If you don’t have documents proving you are registered with the authorities, you can be hauled off to one of the capital’s squalid detention centres that wouldn’t be out of place in medieval times. Many of the people we spoke to had spent months, some more than a year, behind bars.
Many remain without papers simply because the system is so chaotic and can be impossible to access.
At midnight on Friday we drive to the western outskirts of Athens to talk to people trying to apply for asylum.
As the roads get quieter and the houses fewer, we turn into a deserted complex of anonymous buildings, round a corner, pass a police check point and there suddenly, shockingly and out of sight of the rest of the world, hundreds of people – from Syria, Afghanistan, Democratic Republic of the Congo, Eritrea – are huddled together in a line along a metal fence.
The whole place is bathed in an eerie yellow glow from the street lights and it stinks of urine. Some people have been here for days, sleeping on flattened cardboard boxes they bring as mattresses, in the hope of getting a better place in the queue.
In an hour, a police officer will come and pick 20 people to register. The others must simply start the long walk back to the city centre.

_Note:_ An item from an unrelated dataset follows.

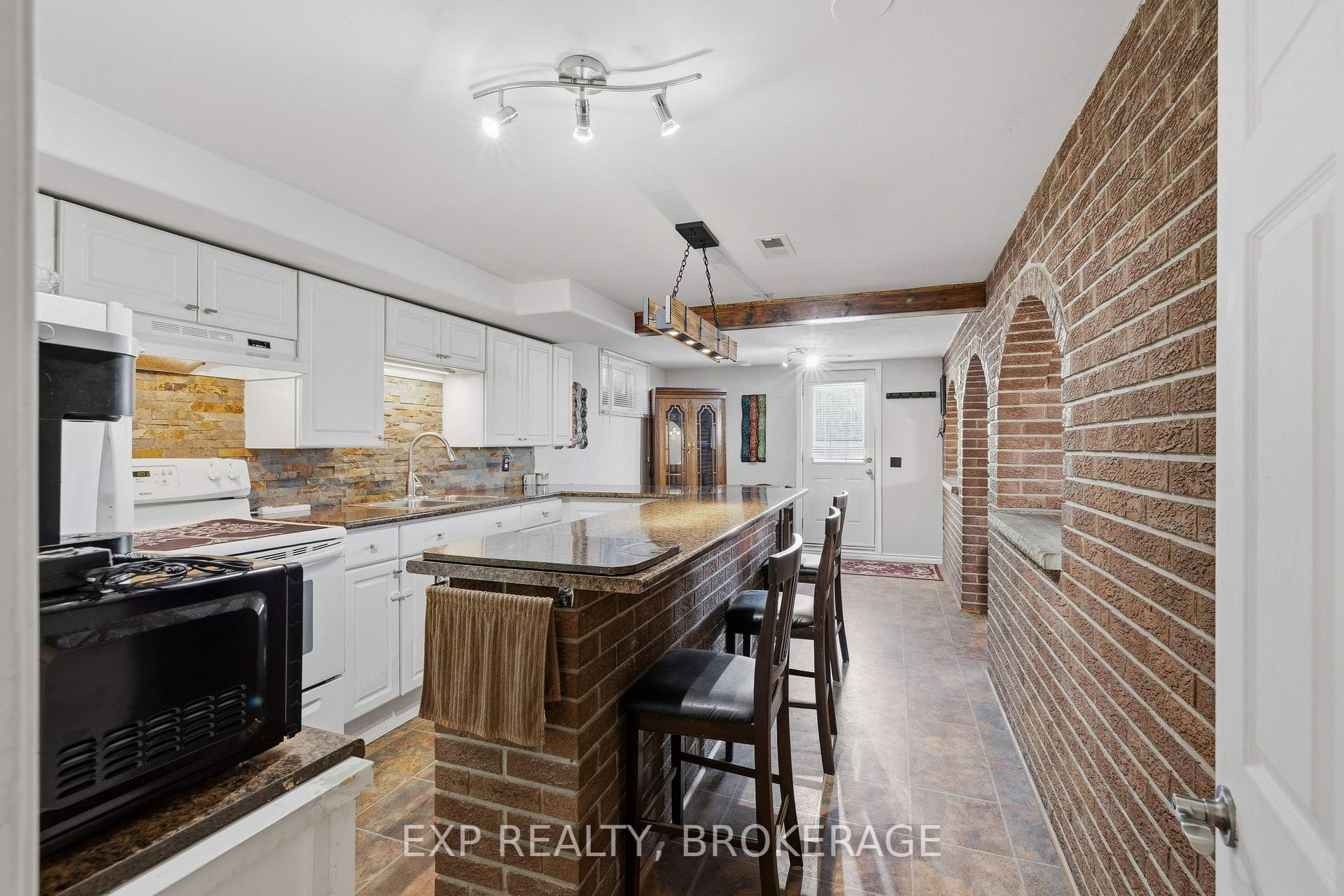Photo 31 of 121 Butler Street E, Kingston, Rideau — HOMEH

En route they risk racist attacks. One man tells us they now come in twos and threes so they can protect each other. Many will try again next week, and the week after. Others will simply give up.
The atmosphere is tense and we approach tentatively. We explain who were are and where we’re from. Slowly people start to tell us their stories.
Many tell us they have been trying for months to get their papers. Others reveal experiences of terrifying racist violence and incessant police harassment. Within a few minutes I am surrounded by people wanting to tell their stories.
“You know what the problem is?” a man shouts from the back of the small crowd around me. “You have come here without a TV camera or microphone. The world needs to know what’s happening here.”
I explain again that my colleagues will write a report and we will do everything we can to put pressure on the Greek authorities and the EU to improve. I have an audio recorder in my pocket and get it out. “Turn it on,” the man demands. This is his message to you:
Driving back into town Giorgos looks out at the city where he grew up. “It’s really sad to see this happening here,” he says. “People are being treated so badly but they’ve done nothing wrong. They are just looking for the things that so many of us are lucky enough to take for granted.”